I am trying to configure Stocator on an Amazon EMR cluster to access data on Amazon s3. I have found resources that indicate that this should be possible, but very little detail on how to get this to work.
When I start my EMR cluster I use the following config:
{
"classification": "core-site",
"properties": {
"fs.stocator.scheme.list": "cos",
"fs.cos.impl": "com.ibm.stocator.fs.ObjectStoreFileSystem",
"fs.stocator.cos.impl": "com.ibm.stocator.fs.cos.COSAPIClient",
"fs.stocator.cos.scheme":"cos"
}
}
I then try to access a file using cos://mybucket.service/myfile
This yields an error due to missing credentials.
I add the credentials, in spark-shell
, to the properties using:
val credentials = new com.amazonaws.auth.DefaultAWSCredentialsProviderChain().getCredentials
sc.hadoopConfiguration.set("fs.cos.service.access.key",credentials.getAWSAccessKeyId)
sc.hadoopConfiguration.set("fs.cos.service.secret.key",credentials.getAWSSecretKey)

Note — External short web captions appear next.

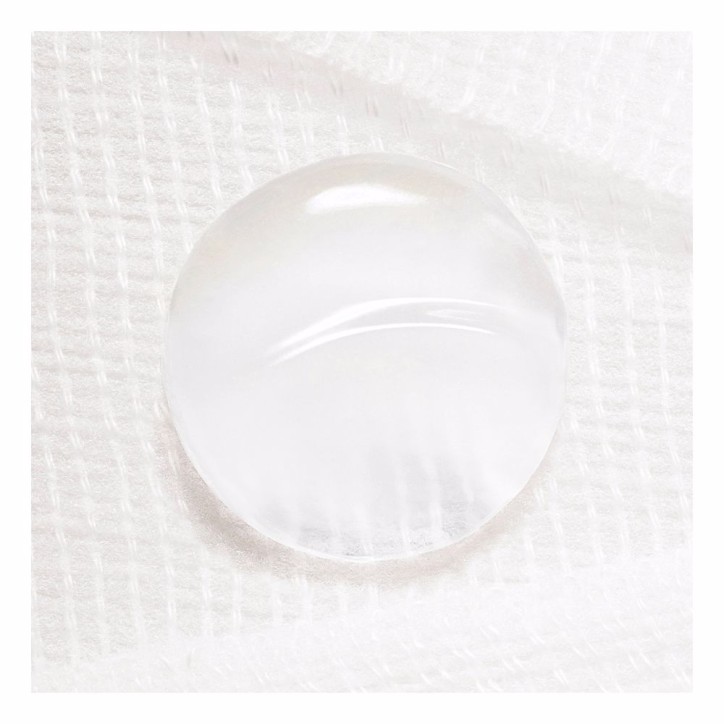 RE-PLASTY age recovery face wrap cream 50 ml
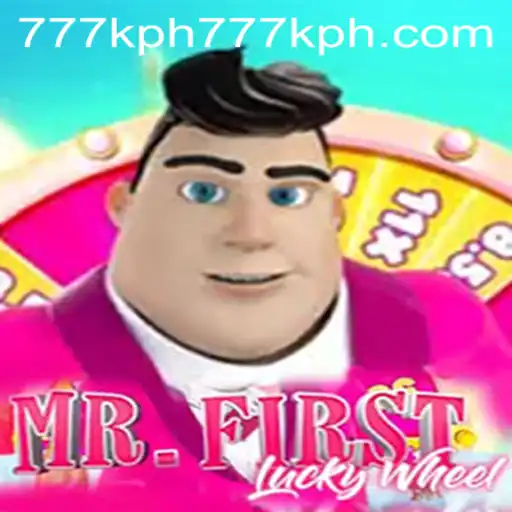 Exploring the Thrills of MrFirstLuckyWheel: A New Era in Gaming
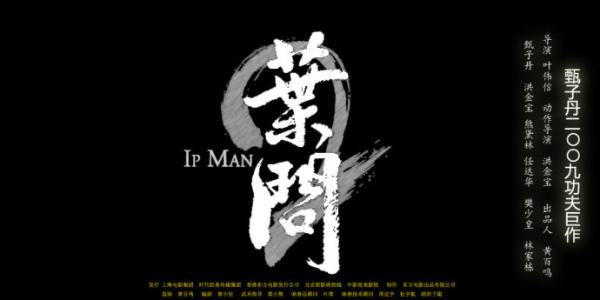定制高仿莱姆斯顿学院文凭毕业证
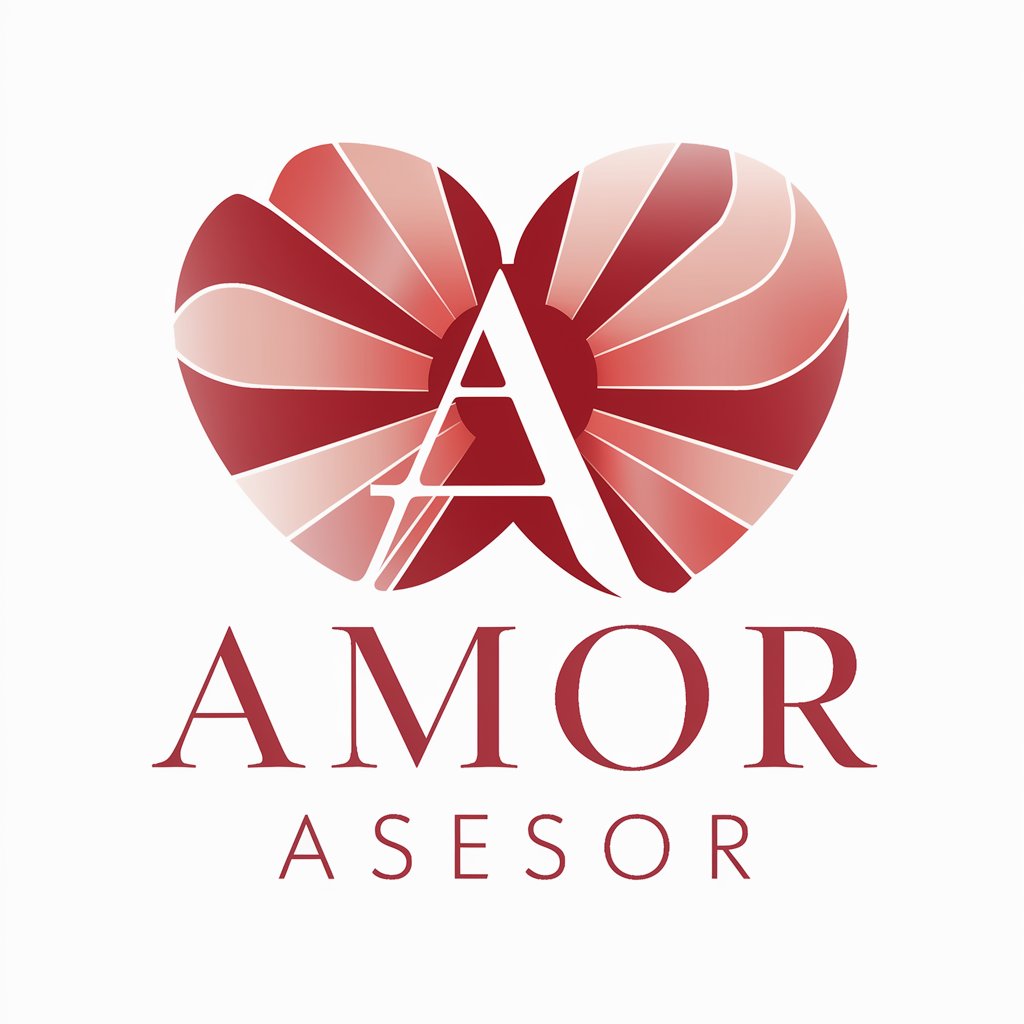 Amor Asesor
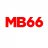 betmb66
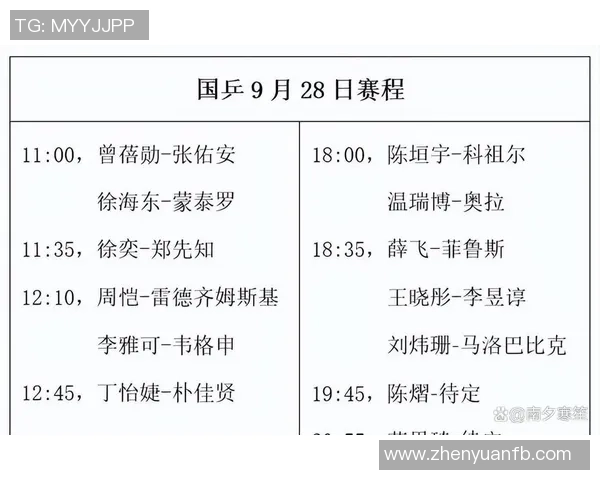 赛后分析:上海乒乓球队与武汉乒乓球队的对决节奏与战术探讨 赛后分析:上海乒乓球队与武汉乒乓球队的对决节奏与战术探讨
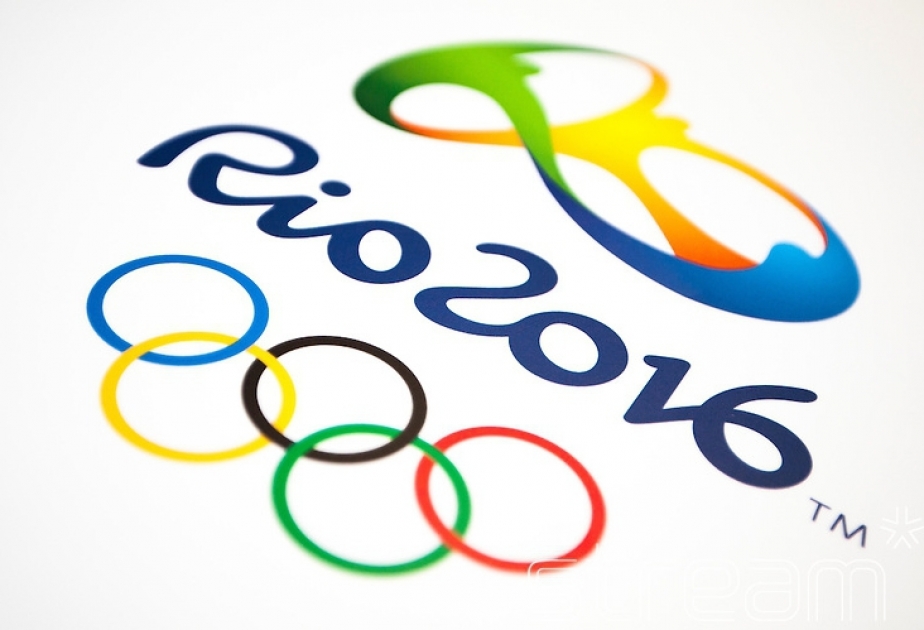 “Rio-2016” Yay Olimpiya və Paralimpiya oyunlarına vəsiqə qazanan Azərbaycan idmançılarının siyahısı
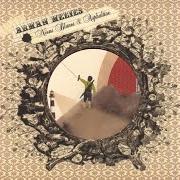 Le texte musical L'ÉCHAPPÉE BELLE de ARMAN MÉLIÈS est également présent dans l'album Néons blancs et asphaltine (2004)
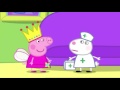 Peppa Pig English Fancy Dress Party 01x34 Kids Cartoon Movie Episode ️ Full Seasons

Now when I try to access cos://mybucket.service/myfile
I get the error: org.apache.spark.sql.AnalysisException: Path does not exist:
.
accessing the file using s3://mybucket/myfile
works, as it doesn't use Stocator. Also accessing the file via the amazon CLI works.
Are there any online resources detailing how to get Stocator
working on AWS
?
Has anyone successfully done this themselves, and can you share your configuration?
I'd play with the netflix one as I'm confident it works well there.